Essential NFS server optimizations:

# /etc/exports configuration
/datapool 192.168.100.0/24(rw,async,no_wdelay,no_root_squash,no_subtree_check)

# Kernel parameters
echo 4096 > /proc/sys/net/core/netdev_max_backlog
echo 32768 > /proc/sys/net/core/somaxconn
echo "sunrpc.tcp_max_slot_table_entries=128" >> /etc/modprobe.d/sunrpc.conf

Implement proactive monitoring with these metrics:

# Basic monitoring commands
zpool iostat -v datapool 1
cat /proc/spl/kstat/zfs/datapool/io
nfsstat -o net -s

Sample server configuration:

  • 2× Intel Xeon Silver 4310 (24 cores total)
  • 256GB DDR4 ECC RAM
  • 4× 1TB NVMe (ZIL/SLOG and L2ARC)
  • 12× 16TB HDD (RAIDZ2 vdevs)
  • Dual-port 10GbE NIC
  • HBA controller (not RAID)

When dealing with peak write throughput of 1.1GB/s (50×75GB/hour), we need to consider both the storage media and filesystem architecture.
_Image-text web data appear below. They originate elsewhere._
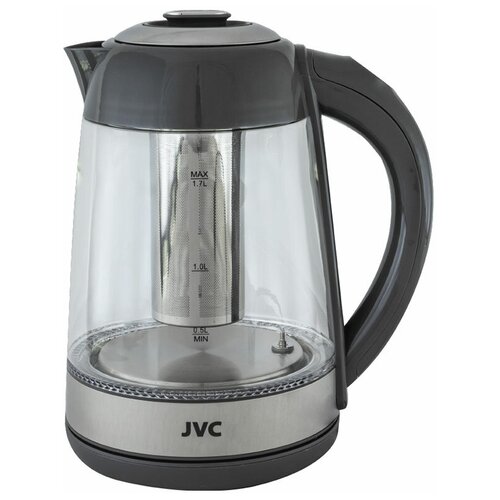 Чайник JVC JK-KE1710 grey стекло 229000₽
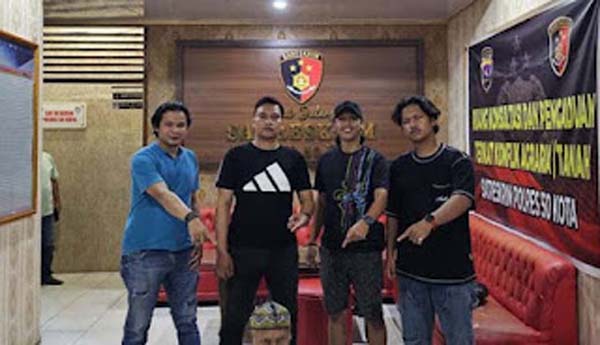 Polres Lima Puluh Kota Tangkap Terduga Pelaku Cabul Terhadap Anak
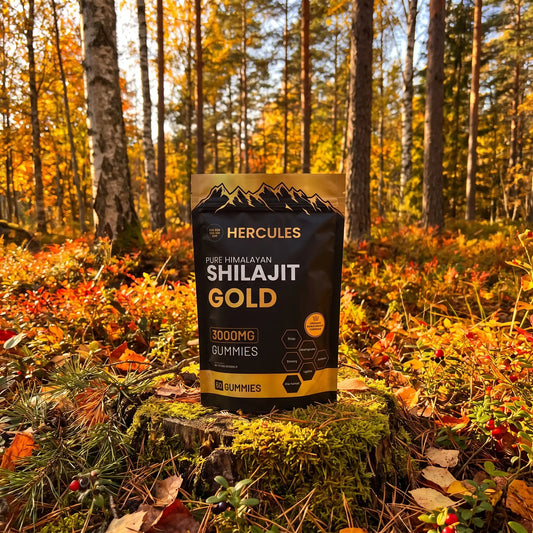 HERCULES Shilajit Gummies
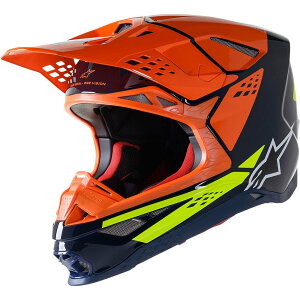 _SiP5{10/10()^Alpinestars ApCX^[ S-M8 Factory Motocross Helmet wbg It[h gNXwbg C_[ oCN c[Oɂ   (AMACLUB)
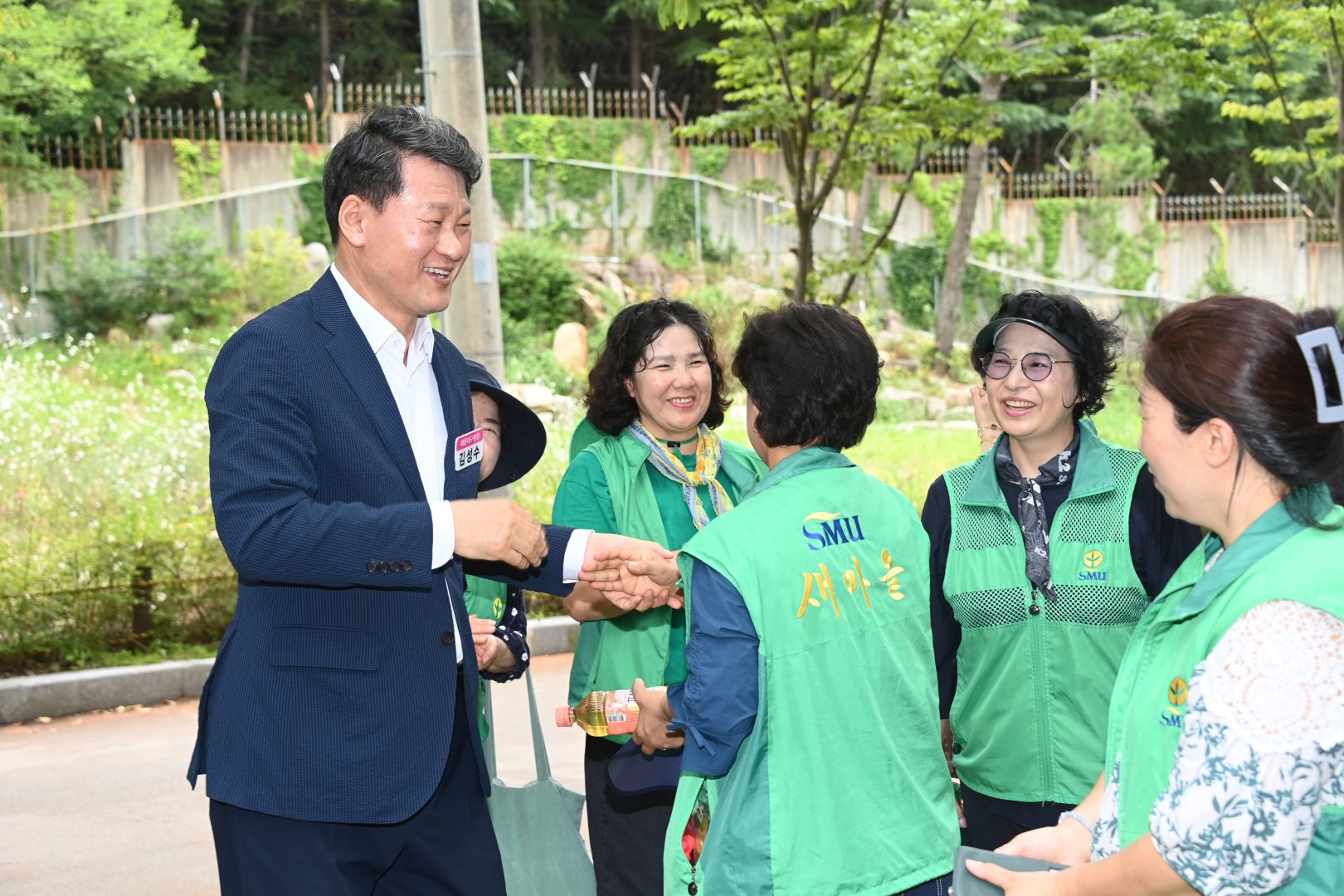 새마을피서지문고 격려 방문 3
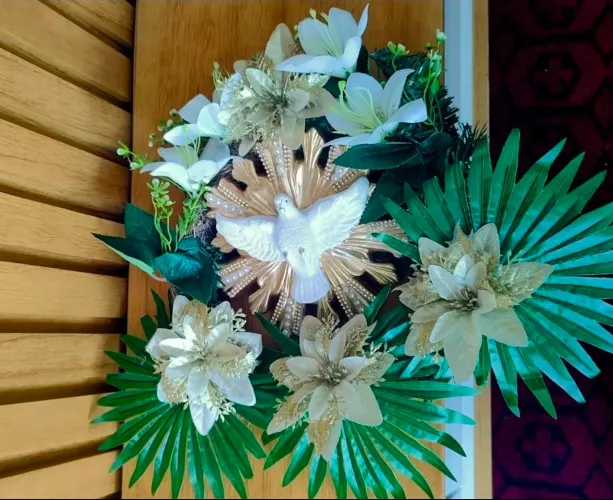 Guirlanda Espírito Santo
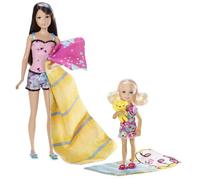 Barbie - V4397 - Poupée Mannequin - Barbie & Ses Soeurs - Skipper et Chelsea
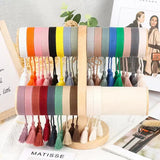 Vintage Hand Woven Slim Bracelet for Summer Stacking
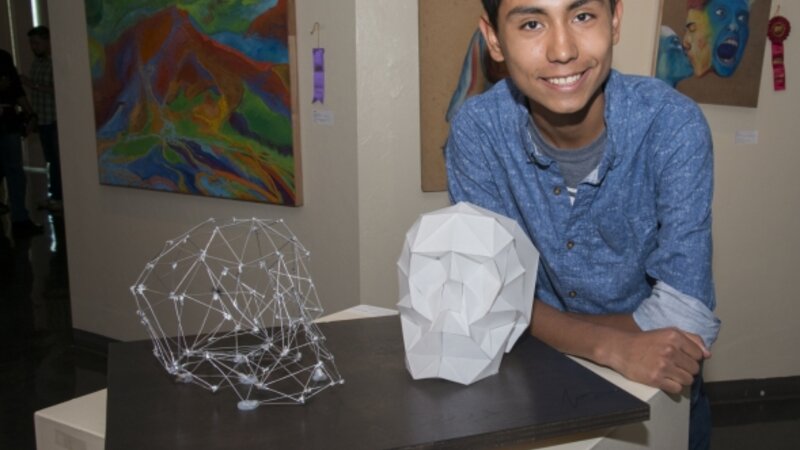 5th Annual Exhibit 3D Skull
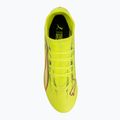 Buty piłkarskie PUMA Ultra 6 Play+ FG/AG yellow alert/puma black/glowing red/lime squeeze 5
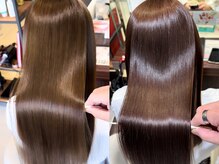 質感・もちの良さ・艶感で選ぶならこれ！最上級ラグジュアリー髪質改善トリートメント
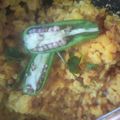 Sadaf Shoaib Vohra's cooksnap of when they made Dhaba Style Moong Fry Daal🍲.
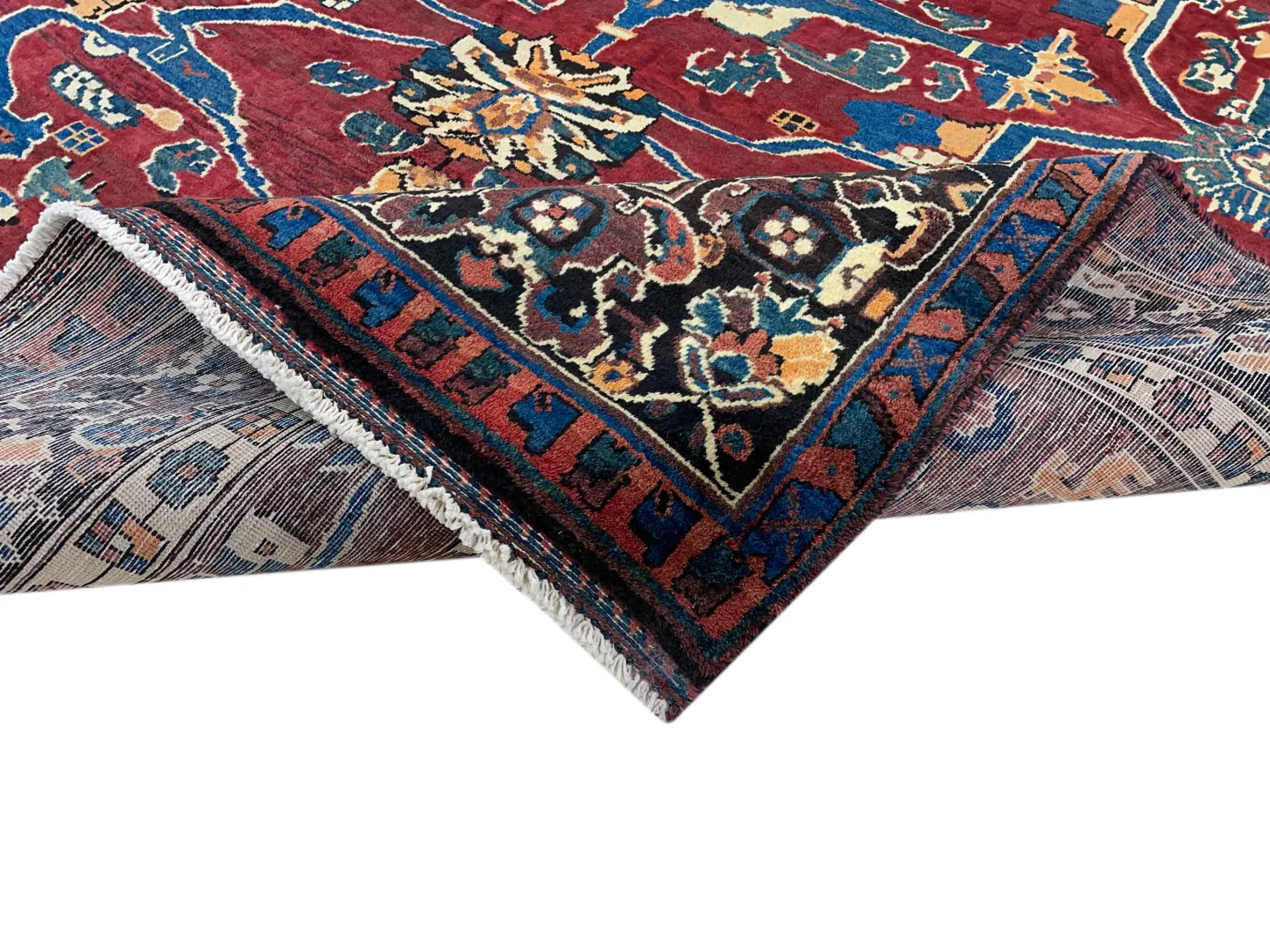 Perserteppich Bakhtiar 307 x 222 cm Wolle handgeknüpft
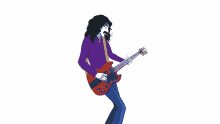Playing The Guitar Frank Zappa GIF - Playing The Guitar Frank Zappa Valley Girl Song GIFs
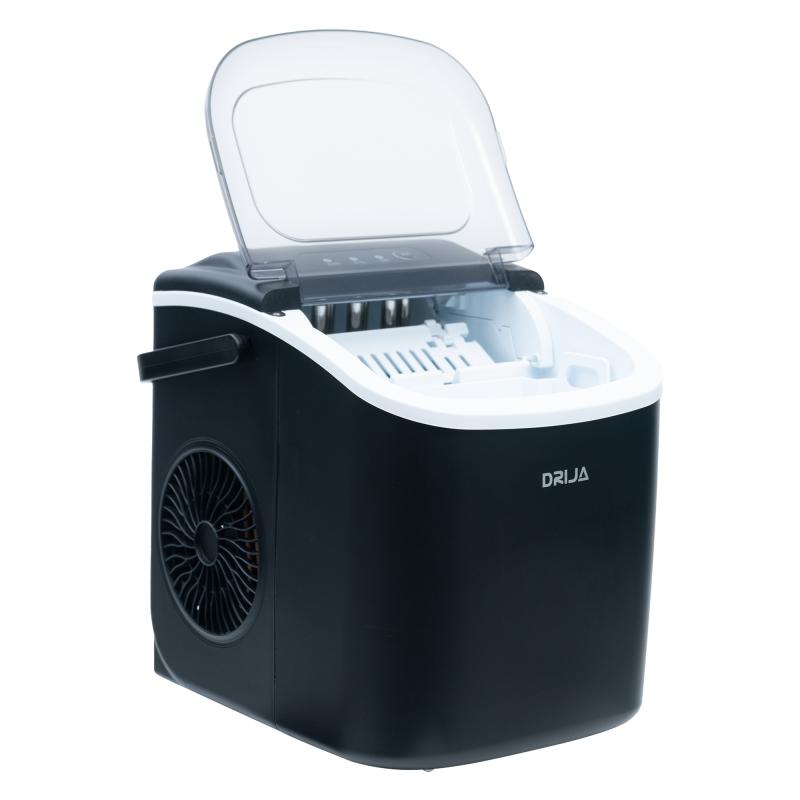 DRIJA FABRICADOR DE HIELO COLOR NEGRO FH12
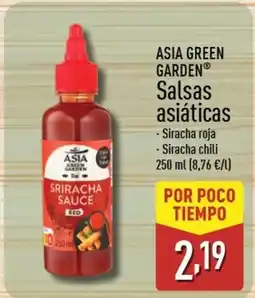 ALDI ASIA GREEN GARDEN Salsas asiáticas oferta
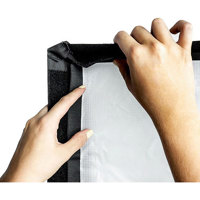 

Chimera Large 1/8 Grid Front Screen Diffuser for Quartz LH Lightbank
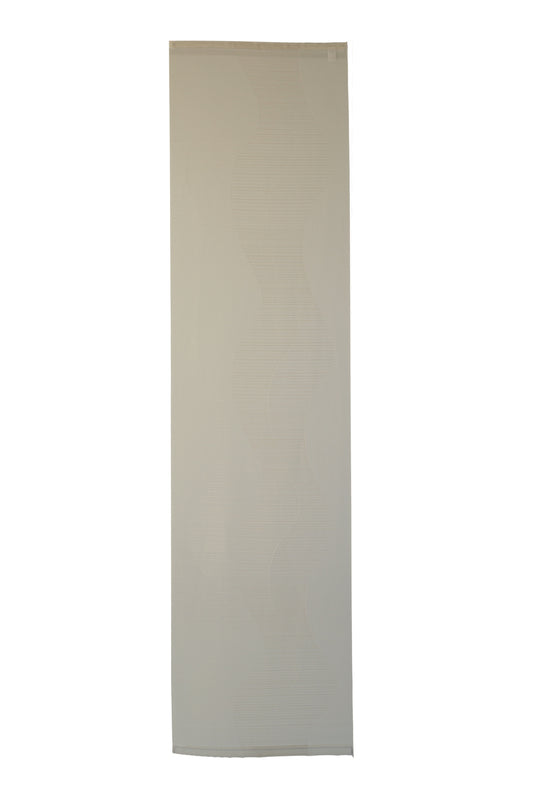 Homing  Flächen Vorhang Tabio 60x245 weiss Vorhänge Schlafzimmer transparent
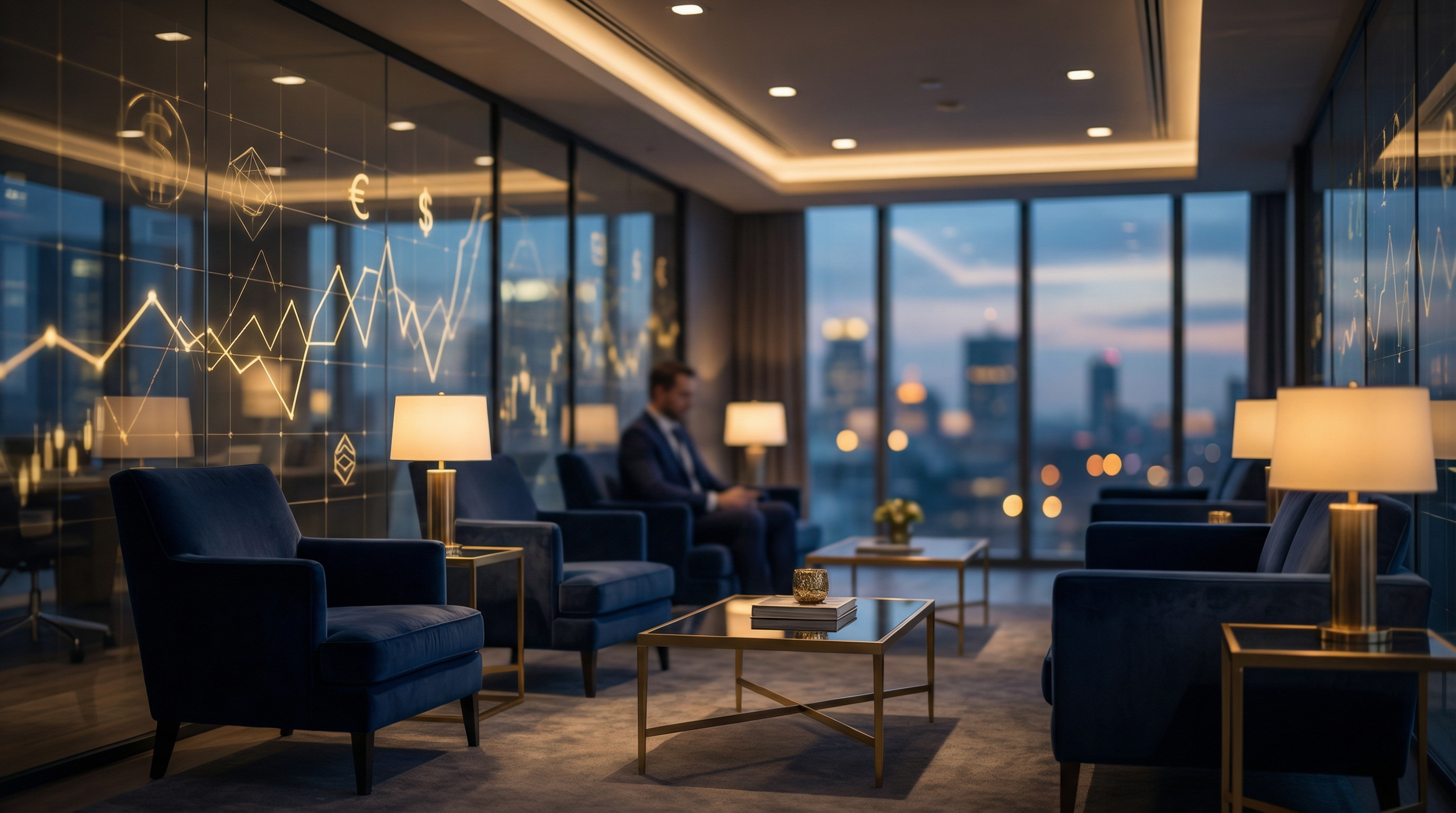 Luxury Office Background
The key parameters:

Peak throughput: 1100MB/s (~1.1GB/s)
Connection: Dual 10GbE (20Gbps theoretical)
Protocol: NFSv4
Data characteristics: Large sequential files
Retention: 50-75TB total

ZFS can handle these speeds with proper configuration. Critical ZFS parameters for high-throughput writes:

# Example zpool creation for high-speed writes:
zpool create -o ashift=12 tank \
    mirror nvme0n1 nvme1n1 \
    mirror nvme2n1 nvme3n1 \
    -O recordsize=1M \
    -O compression=lz4 \
    -O atime=off \
    -O xattr=sa \
    -O logbias=throughput

Key considerations:

  • Use NVMe-based ZIL (ZFS Intent Log) for sync writes
  • Large record sizes (1M) match big file patterns
  • Disable atime and enable lz4 compression reduces IOPS load

A tiered approach balances cost and performance:

# Example Linux device-mapper setup for tiering:
# Fast tier (NVMe)
pvcreate /dev/nvme0n1
vgcreate fast_tier /dev/nvme0n1

# Capacity tier (HDD)
pvcreate /dev/sd[abcdef]
vgcreate slow_tier /dev/sd[abcdef]

# Create cache pool
lvcreate -L 500G -n cache_pool fast_tier
lvcreate -L 50G -n meta_pool fast_tier

# Create cached logical volume
lvcreate -l 100%FREE -n data_volume slow_tier
lvconvert --type cache --cachepool fast_tier/cache_pool \
          --cachemode writethrough \
          --metadatapool fast_tier/meta_pool \
          slow_tier/data_volume

Essential NFS server configurations:

# /etc/exports configuration:
/storage 10.0.0.0/24(rw,async,no_wdelay,no_root_squash,
                     no_subtree_check,insecure_locks,
                     sec=sys,fsid=0)

# Recommended sysctl tweaks:
net.core.rmem_max = 16777216
net.core.wmem_max = 16777216
net.ipv4.tcp_rmem = 4096 87380 16777216
net.ipv4.tcp_wmem = 4096 65536 16777216

Essential performance tools and their usage:

# FIO benchmark example for validation:
[global]
ioengine=libaio
direct=1
runtime=300
time_based

[write-test]
rw=write
bs=1M
size=100G
numjobs=4
iodepth=32
directory=/storage/test

# Monitoring commands:
zpool iostat -v tank 1
nfsiostat 1
iftop -nN -i eth0

If ZFS proves problematic at scale, consider:

  • Lustre filesystem with NVMe OSTs
  • Ceph with bluestore and NVMe journals
  • Pure SSD array with hardware RAID (consider Dell ME4 series)

For budget-conscious implementations, used enterprise NVMe drives (like Intel P4610/P4510) in ZFS mirrors provide excellent price/performance.